João Cabral Pinto, 51 anos, licenciado gestão de empresas, tem uma paixão histórica pelo tema das tatuagens, embora não tenha nenhuma, passou 20 anos a fotografar e tentar fazer a história de centenas de homens que estiveram na guerra colonial (1961-1974) e que resultou no livro “Guerra na pele – As tatuagens na guerra colonial”, (edição de autor), com dezenas de fotos.
Depois de fazer milhares fotos, na rua, na praia, em encontros de militares, e centenas de entrevistas ao longo de 20 anos (perdeu cinco anos de trabalho devido a um problema informático), o autor explicou que a tatuagem teve, para estes homens, uma mistura de motivações, questões políticas, mas também muito pessoais e íntimas.

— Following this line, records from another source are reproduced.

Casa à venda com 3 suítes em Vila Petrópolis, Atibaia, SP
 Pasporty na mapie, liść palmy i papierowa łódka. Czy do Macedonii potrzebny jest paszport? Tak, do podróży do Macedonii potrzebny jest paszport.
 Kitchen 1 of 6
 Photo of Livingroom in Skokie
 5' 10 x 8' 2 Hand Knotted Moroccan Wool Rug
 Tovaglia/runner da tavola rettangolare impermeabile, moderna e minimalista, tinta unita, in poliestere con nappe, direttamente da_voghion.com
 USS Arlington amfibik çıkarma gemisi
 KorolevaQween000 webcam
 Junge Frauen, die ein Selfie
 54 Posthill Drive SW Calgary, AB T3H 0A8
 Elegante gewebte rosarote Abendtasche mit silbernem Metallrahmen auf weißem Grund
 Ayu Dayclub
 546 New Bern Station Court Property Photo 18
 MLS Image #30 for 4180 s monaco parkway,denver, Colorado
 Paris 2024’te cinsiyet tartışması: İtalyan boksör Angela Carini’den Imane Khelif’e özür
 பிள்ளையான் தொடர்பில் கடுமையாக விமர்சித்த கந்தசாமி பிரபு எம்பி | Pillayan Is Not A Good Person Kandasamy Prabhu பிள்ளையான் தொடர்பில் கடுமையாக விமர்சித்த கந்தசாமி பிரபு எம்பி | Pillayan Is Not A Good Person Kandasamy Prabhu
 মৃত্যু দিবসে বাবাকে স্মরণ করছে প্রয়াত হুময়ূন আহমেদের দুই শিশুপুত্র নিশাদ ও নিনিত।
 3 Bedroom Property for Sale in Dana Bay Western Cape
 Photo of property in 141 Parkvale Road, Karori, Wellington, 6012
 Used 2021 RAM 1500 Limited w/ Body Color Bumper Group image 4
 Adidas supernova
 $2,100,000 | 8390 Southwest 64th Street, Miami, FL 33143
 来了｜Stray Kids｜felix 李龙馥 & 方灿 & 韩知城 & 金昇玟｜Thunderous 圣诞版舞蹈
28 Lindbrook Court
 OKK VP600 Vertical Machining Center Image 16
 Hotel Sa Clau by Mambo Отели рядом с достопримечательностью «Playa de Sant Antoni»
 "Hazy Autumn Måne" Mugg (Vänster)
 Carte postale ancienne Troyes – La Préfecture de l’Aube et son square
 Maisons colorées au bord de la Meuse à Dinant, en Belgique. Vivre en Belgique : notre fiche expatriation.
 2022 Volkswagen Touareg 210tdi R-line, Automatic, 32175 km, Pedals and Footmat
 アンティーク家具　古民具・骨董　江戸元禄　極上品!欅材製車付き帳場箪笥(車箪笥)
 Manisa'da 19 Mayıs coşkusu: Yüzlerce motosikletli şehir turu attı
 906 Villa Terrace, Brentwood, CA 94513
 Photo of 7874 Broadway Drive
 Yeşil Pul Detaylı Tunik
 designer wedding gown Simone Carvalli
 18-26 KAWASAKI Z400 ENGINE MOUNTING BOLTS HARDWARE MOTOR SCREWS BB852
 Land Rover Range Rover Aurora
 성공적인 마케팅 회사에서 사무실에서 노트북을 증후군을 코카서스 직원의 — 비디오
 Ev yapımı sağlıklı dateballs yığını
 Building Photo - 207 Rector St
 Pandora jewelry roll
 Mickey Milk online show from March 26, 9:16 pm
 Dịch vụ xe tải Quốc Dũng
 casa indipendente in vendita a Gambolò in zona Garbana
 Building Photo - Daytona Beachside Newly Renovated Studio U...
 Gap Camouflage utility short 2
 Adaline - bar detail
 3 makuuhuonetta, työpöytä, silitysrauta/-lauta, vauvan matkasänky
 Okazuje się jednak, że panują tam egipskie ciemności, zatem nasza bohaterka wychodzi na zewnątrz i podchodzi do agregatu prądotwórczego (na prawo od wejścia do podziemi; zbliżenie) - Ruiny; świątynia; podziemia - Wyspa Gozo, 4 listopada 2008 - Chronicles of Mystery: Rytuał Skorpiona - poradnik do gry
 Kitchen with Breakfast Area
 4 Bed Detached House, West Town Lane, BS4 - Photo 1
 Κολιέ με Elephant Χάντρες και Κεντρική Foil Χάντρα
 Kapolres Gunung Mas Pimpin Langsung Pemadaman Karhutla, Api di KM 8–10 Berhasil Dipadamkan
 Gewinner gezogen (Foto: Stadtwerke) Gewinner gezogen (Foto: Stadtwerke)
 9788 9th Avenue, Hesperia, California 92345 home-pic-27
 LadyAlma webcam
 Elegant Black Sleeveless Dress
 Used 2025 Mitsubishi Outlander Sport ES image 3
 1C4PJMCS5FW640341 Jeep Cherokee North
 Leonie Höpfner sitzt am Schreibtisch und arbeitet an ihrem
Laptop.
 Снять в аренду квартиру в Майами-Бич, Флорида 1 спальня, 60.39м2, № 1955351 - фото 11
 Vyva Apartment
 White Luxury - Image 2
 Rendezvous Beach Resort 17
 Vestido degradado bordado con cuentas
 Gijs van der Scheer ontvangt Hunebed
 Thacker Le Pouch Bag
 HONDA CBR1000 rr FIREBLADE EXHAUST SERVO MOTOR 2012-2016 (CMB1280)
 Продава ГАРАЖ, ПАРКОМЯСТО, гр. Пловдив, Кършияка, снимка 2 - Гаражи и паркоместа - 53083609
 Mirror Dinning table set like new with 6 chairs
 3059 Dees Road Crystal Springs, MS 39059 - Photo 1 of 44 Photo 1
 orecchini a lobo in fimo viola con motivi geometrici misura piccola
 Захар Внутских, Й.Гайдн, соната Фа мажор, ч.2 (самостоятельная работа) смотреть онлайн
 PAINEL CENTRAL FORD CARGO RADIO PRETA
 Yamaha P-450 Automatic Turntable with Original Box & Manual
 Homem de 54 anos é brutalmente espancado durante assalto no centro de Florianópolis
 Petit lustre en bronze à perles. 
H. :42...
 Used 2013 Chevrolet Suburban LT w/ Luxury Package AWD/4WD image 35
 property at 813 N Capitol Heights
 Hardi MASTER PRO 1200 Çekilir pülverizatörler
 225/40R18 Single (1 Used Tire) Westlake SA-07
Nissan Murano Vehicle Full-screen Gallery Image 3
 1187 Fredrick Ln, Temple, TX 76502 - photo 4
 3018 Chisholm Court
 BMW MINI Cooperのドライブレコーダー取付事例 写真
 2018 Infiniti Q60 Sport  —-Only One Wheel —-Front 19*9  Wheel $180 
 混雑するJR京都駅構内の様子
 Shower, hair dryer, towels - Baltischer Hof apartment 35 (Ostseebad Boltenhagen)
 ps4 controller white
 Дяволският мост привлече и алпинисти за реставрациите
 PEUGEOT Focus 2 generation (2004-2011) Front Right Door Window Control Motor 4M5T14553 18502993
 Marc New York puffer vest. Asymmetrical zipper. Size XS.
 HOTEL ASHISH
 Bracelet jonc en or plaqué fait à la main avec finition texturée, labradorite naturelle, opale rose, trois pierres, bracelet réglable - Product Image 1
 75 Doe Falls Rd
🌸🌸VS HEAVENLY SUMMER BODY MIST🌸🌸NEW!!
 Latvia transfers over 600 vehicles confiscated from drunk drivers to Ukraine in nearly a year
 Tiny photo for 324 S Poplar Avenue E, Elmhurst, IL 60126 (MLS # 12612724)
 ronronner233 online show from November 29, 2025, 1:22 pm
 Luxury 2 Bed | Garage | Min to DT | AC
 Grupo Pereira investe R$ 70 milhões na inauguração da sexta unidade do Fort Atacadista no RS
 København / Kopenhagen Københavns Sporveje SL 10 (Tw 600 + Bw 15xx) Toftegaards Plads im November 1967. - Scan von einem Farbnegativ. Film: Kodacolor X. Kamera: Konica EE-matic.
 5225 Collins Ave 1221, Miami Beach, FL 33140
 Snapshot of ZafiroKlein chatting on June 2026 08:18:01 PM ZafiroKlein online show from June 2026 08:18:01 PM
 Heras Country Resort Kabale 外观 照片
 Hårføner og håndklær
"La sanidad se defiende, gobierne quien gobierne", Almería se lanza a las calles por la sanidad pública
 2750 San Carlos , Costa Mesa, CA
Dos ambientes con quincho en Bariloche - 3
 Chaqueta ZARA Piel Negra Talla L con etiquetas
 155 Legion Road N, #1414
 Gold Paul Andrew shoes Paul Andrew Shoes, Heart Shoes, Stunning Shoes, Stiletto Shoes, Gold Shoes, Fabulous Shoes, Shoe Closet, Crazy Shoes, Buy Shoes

“É uma questão muito particular e não tem regra”, afirmou à agência Lusa, e “muitos fizeram por revolta, até por luto, pela morte de colegas”, fizeram-no “também por imitação”.
Mas muitos pintaram o corpo, em especial o braço e o antebraço, também por uma “questão da moda”, de “vaidade e de exibicionismo, ‘eu trago uma tatuagem, eu estive na guerra´”, afirmou João Cabral Pinto.
O autor descreveu que muitos dos entrevistados revelaram “muita emoção” e “até lágrimas” quando mostraram as tatuagens e recordaram o que os levou a fazê-las.
Depois de juntar tudo (fotos e entrevistas), a estatística das 350 tatuagens revelou que a palavra “amor” foi a palavra “mais tatuada” – “amor de mãe”, “amor de filhos”, “é a ti que eu amo” ou ainda “dor é amor”.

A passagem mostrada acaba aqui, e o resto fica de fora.